> Problem requirements: Print the lines from the one containing "Screenshot of Google" through the end of the listing below, exactly as written. Any pictures stay out.

> Dataset extract:
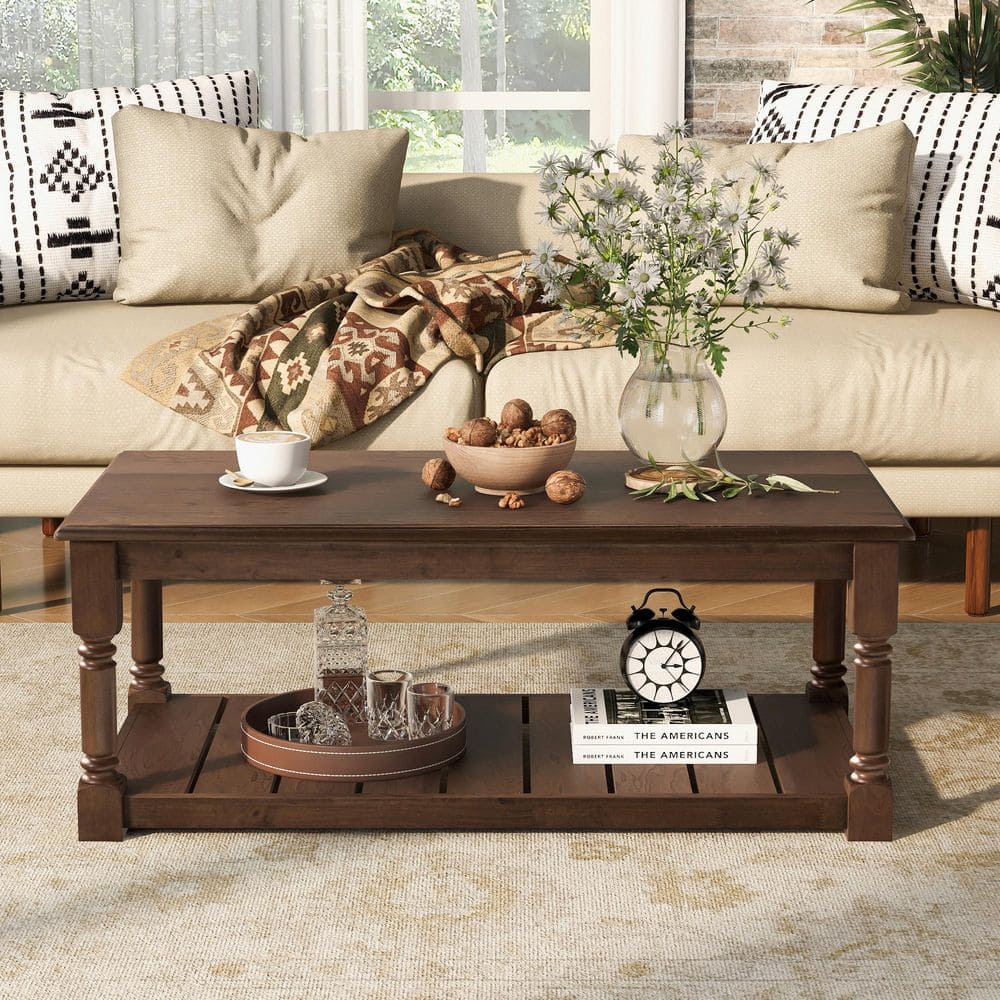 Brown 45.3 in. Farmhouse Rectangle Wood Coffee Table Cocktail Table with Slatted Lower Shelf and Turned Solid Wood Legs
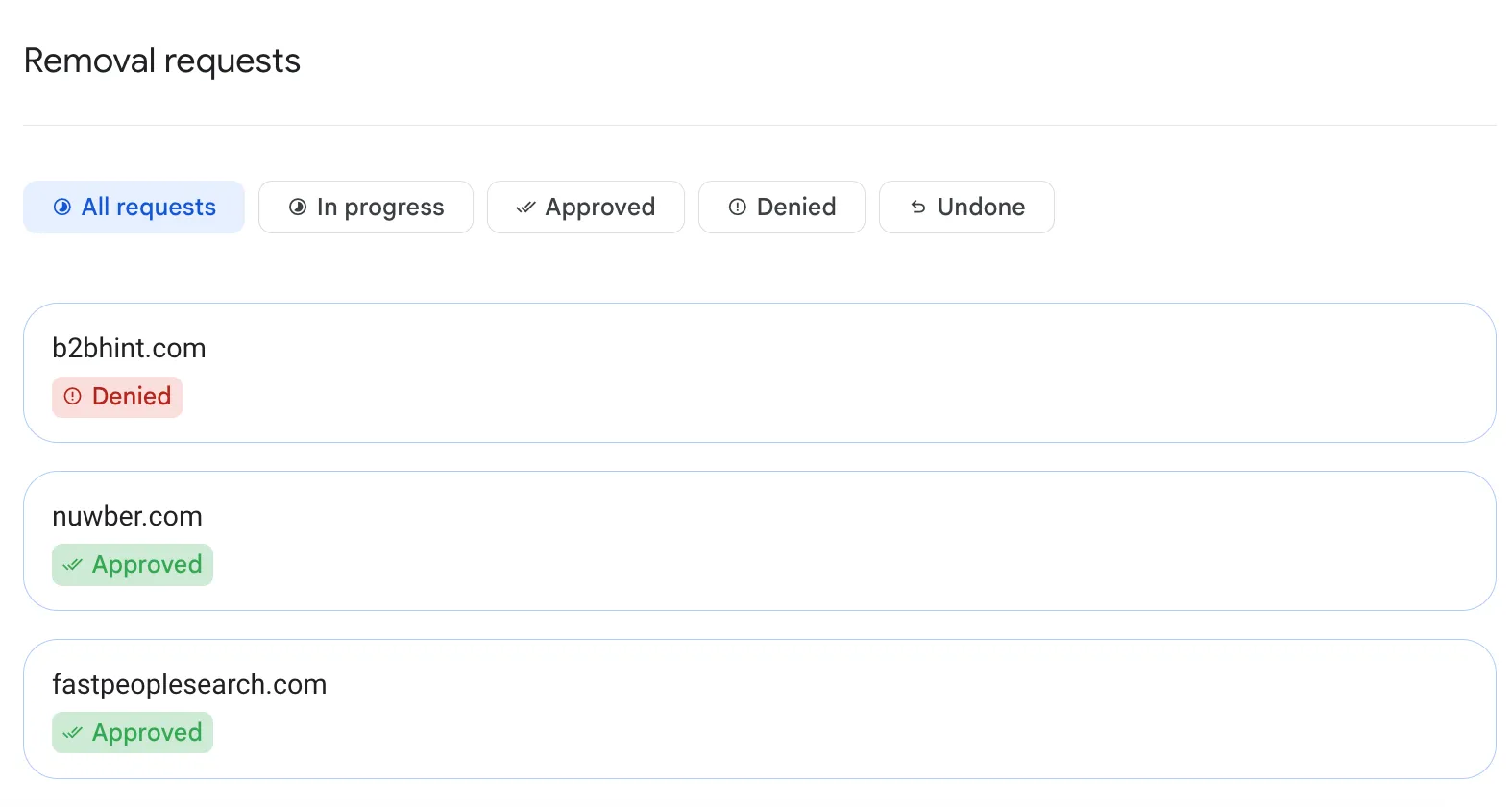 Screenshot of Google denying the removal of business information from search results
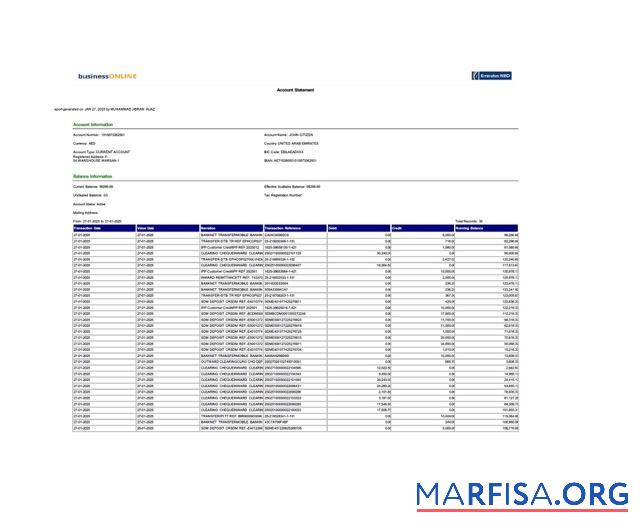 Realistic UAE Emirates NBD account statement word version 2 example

> Answer space:
 Screenshot of Google denying the removal of business information from search results
 Realistic UAE Emirates NBD account statement word version 2 example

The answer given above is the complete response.